At the time, light-emitting diodes (LEDs) were not available in bulbs as bright as an old 100-watt bulb. They were also outrageously expensive. Now, they are available as bright as you need them. They last longer than CFLs. They use 75% less electricity than incandescent bulb. Each LED still costs more than a CFL, but over time, they cost less to use. They are by far the best lighting choice available today.
Be sure to plan where you want your light fixtures. Don’t forget to illuminate the counter under the cabinets.
9. Sustainable paints and finishes
When all else is finished, you’ll be repainting the walls at least. You may be painting or staining cabinets.

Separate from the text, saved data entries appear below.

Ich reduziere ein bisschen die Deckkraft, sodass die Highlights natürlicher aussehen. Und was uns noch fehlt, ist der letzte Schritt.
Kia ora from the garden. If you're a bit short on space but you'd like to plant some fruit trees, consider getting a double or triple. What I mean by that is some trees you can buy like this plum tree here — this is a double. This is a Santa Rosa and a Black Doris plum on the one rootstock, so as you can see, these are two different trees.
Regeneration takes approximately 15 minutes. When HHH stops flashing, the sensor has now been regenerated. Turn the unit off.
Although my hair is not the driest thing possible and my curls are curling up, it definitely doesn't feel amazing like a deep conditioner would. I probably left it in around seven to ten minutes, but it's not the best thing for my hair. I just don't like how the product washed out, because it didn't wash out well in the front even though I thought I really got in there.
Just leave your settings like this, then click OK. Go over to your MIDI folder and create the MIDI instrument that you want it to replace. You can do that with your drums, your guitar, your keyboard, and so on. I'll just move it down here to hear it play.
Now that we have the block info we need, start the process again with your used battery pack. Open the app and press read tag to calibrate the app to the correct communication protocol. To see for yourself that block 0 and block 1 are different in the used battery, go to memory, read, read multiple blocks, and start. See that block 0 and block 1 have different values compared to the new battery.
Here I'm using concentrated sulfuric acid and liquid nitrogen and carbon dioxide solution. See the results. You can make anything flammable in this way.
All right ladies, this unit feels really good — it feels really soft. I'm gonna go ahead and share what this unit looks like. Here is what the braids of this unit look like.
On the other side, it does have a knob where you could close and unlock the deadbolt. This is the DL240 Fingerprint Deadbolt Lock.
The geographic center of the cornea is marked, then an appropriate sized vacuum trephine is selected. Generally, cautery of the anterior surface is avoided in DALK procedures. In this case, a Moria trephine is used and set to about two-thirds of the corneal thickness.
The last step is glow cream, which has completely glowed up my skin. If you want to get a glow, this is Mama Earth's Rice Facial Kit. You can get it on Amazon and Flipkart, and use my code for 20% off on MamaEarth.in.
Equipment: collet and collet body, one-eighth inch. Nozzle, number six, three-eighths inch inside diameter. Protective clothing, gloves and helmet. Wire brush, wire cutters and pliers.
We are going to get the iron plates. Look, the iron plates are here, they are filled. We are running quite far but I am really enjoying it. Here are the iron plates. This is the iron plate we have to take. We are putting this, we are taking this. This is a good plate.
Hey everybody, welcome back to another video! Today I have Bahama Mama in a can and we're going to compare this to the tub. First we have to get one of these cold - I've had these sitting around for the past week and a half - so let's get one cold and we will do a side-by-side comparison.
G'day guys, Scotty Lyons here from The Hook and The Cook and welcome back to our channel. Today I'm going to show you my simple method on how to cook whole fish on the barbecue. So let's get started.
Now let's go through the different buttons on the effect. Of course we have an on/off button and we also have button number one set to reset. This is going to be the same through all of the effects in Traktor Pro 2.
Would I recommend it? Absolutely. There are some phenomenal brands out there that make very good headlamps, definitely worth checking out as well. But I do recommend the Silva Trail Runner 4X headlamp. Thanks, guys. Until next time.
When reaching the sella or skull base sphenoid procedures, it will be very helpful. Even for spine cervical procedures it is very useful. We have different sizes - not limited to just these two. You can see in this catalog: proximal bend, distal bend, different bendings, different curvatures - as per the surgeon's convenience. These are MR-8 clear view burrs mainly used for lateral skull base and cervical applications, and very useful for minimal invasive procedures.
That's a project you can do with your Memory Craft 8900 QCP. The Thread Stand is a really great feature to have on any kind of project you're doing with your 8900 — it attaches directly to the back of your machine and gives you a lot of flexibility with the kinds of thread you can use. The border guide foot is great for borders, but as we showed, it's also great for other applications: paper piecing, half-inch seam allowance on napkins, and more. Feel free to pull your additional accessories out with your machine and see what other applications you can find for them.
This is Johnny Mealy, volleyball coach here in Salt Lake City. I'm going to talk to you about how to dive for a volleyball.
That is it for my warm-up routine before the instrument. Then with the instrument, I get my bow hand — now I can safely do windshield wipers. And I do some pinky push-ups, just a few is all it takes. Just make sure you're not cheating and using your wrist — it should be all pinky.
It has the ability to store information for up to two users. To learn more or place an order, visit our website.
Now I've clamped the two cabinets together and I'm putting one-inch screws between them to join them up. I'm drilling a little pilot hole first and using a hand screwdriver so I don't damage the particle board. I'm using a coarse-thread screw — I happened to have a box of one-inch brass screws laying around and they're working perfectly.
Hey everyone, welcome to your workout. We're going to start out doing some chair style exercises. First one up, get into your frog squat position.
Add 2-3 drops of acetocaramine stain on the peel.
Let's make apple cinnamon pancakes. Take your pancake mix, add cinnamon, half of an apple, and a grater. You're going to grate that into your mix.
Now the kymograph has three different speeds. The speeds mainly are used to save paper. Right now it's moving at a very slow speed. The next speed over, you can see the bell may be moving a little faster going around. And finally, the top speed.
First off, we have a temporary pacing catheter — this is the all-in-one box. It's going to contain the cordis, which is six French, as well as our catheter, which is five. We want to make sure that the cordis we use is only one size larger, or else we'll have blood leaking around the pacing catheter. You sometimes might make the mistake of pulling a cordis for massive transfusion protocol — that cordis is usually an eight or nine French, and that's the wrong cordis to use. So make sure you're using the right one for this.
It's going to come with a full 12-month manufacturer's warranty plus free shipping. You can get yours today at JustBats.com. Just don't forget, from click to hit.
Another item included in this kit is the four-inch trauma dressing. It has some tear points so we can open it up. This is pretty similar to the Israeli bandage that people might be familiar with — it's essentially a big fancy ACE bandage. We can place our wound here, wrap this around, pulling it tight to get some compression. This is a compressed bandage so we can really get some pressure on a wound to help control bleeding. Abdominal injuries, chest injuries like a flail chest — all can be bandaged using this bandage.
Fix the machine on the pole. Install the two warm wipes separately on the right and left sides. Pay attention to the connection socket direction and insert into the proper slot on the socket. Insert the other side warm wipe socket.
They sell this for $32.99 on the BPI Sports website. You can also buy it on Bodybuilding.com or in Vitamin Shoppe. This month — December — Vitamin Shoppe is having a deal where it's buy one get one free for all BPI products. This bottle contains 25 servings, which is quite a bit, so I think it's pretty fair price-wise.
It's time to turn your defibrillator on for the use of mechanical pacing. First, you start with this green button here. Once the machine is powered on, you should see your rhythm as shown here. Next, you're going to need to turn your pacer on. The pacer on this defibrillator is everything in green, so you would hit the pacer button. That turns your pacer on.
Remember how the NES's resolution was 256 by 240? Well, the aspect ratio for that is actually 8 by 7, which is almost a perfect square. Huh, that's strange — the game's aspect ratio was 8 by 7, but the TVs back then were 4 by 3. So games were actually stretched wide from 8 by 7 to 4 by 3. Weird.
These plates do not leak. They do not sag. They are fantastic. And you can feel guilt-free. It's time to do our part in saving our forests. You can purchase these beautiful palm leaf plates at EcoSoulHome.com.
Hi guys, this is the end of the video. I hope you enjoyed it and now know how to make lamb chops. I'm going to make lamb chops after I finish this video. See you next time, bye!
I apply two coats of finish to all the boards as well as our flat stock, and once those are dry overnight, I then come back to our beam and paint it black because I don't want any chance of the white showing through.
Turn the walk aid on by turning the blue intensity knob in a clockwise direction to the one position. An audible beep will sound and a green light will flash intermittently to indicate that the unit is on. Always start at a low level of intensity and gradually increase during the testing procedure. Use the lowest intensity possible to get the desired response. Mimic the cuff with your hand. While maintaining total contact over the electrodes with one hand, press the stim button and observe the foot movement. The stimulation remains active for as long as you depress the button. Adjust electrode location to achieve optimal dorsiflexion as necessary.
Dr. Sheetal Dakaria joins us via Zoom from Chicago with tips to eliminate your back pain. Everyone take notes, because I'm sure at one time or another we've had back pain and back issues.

Many standard paints and finishes have a distinctive smell caused by volatile organic compounds (VOCs). VOCs are solids or liquids that evaporate at room temperature and ordinary atmospheric pressure. The formaldehyde in standard plywood is a VOC. Some of the ones in paints and stains are just as dangerous and probably more annoying.
Typical paints also have microplastics as a binding agent. Where VOCs are a menace to indoor air and your respiratory system, microplastics are a menace to the outdoor environment. If you use ordinary paint, every time you wash your brush you’re sending microplastics down the drain. Wastewater treatment plants cannot filter them out. They all eventually get to the ocean.
So be sure to look for paints and finishes that have neither VOCs nor microplastic binders.
Now that you’ve finished painting, you have finished your eco-friendly kitchen remodel. It’s time to enjoy your new kitchen.